Un quart des assureurs-vie qui détiennent des participations dans des fonds de crédit privé leur prêtent également, créant une double exposition que les régulateurs jugent capable d'amplifier les pertes en cas de tensions sur les marchés.
Environ un quart des assureurs-vie suivis par Clearwater Analytics qui possèdent des parts dans des fonds de crédit privé prêtent également de l'argent à ces mêmes fonds, selon un nouveau rapport du fournisseur de logiciels de gestion de portefeuille. Les assureurs prêtent généralement 2 $ aux fonds pour chaque dollar d'actions détenues, amplifiant ainsi les rendements potentiels mais augmentant également le risque.
« La détention de capitaux propres dans un fonds combinée au rôle de fournisseur de dette accroît la menace de contamination croisée », a déclaré Matthew Vegari, responsable de la recherche chez Clearwater Analytics.
Sur la base des conclusions de Clearwater, le Wall Street Journal a calculé que les assureurs-vie ont prêté environ 24 milliards de dollars à l'échelle du secteur à des fonds de crédit privé dans lesquels ils détenaient des participations évaluées à près de 12 milliards de dollars. Ces estimations excluent les assureurs dommages et les assureurs santé, qui présentent également une double exposition. Clearwater ne suit pas la plupart des très grands assureurs, lesquels sont plus susceptibles de prêter à des fonds de crédit privé, ce qui signifie que le montant réel des prêts pourrait être plus élevé.
L'assureur médian suivi par Clearwater investit désormais 9 % de ses actifs en crédit privé, contre environ 5 % au début 2019. Le crédit privé a dépassé son champ d'action traditionnel — les prêts aux entreprises les plus risquées — pour inclure la dette hypothécaire et les obligations adossées à des machines lourdes ou à la propriété intellectuelle. Les assureurs sont des acheteurs naturels de ces investissements difficiles à négocier car ils peuvent bloquer les primes des assurés pendant des années sans se soucier des remboursements.
Intensification du contrôle réglementaire
Le Conseil de stabilité financière (FSB), une organisation mondiale de régulateurs financiers, a averti en mai que l'interconnexion croissante entre les assureurs et les fonds de crédit privé peut « conduire à des poches de risques difficiles à détecter ». Le FSB a indiqué que cet « effet de superposition pourrait amplifier les pertes en période de tensions sur les marchés ».

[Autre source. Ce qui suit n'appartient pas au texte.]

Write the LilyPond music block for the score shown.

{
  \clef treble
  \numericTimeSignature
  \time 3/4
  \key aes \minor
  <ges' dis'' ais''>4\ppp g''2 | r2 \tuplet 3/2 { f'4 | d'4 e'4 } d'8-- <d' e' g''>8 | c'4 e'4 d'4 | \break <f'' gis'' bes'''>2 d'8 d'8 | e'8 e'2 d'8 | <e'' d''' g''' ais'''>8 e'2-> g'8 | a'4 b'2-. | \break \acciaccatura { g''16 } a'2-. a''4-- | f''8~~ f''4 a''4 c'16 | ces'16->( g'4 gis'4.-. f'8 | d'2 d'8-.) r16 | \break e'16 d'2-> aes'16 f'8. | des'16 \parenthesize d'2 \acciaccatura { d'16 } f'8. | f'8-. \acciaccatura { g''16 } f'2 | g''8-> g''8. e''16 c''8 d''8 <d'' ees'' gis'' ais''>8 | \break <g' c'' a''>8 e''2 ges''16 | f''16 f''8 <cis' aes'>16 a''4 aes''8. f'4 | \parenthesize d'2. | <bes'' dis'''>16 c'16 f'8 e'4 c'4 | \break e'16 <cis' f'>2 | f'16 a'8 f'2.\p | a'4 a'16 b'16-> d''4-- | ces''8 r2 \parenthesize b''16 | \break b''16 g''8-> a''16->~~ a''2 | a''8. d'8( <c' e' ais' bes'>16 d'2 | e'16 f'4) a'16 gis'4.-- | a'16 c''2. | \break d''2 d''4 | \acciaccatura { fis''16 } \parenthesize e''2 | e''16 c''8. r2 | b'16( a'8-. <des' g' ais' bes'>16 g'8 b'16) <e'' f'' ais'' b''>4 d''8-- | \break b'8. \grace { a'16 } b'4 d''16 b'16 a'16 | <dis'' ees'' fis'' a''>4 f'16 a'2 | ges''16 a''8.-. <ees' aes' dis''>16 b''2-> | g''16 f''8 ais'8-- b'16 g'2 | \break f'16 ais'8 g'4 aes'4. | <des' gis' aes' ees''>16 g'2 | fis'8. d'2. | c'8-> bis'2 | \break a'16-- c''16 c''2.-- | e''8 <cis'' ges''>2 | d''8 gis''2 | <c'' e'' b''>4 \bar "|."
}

Les informations que les assureurs communiquent à la National Association of Insurance Commissioners peuvent inclure des milliers d'investissements individuels dans différents documents, ce qui rend difficile l'identification des cas où ils détiennent à la fois des actions et de la dette d'un même fonds de crédit privé. La NAIC a déclaré dans un communiqué que les régulateurs des assurances ont accès aux informations « y compris les sociétés en commandite et les activités de prêt ».
De nombreux gestionnaires de fonds privés, dont Apollo Global Management et KKR, possèdent désormais des compagnies d'assurance-vie, lesquelles sont devenues de grands investisseurs dans le crédit privé. Le secteur de l'assurance est réglementé par un ensemble disparate d'agences d'État qui peinent à suivre le rythme de cette expansion rapide.
Ce que cela signifie pour les investisseurs
La structure de double exposition signifie que les assureurs perçoivent des revenus de leurs actions et des intérêts sur leurs prêts aux fonds, mais peuvent subir des pertes plus profondes si suffisamment de prêts au sein du fonds font défaut simultanément. Les investisseurs s'inquiètent de plus en plus de la hausse des défauts parmi les prêts les plus risqués que consentent souvent les fonds de crédit privé. Clearwater ne voit pas de signes de risque financier systémique, a déclaré Vegari, bien qu'il ait noté que la concentration accrue est ironique étant donné que les fonds privés se présentent souvent comme offrant une diversification. Le prochain catalyseur pour le secteur sera la manière dont les régulateurs étatiques des assurances répondront aux avertissements du FSB et s'ils imposeront des exigences de fonds propres plus strictes aux assureurs présentant une exposition concentrée au crédit privé.
Cet article est fourni à titre d'information uniquement et ne constitue pas un conseil en investissement.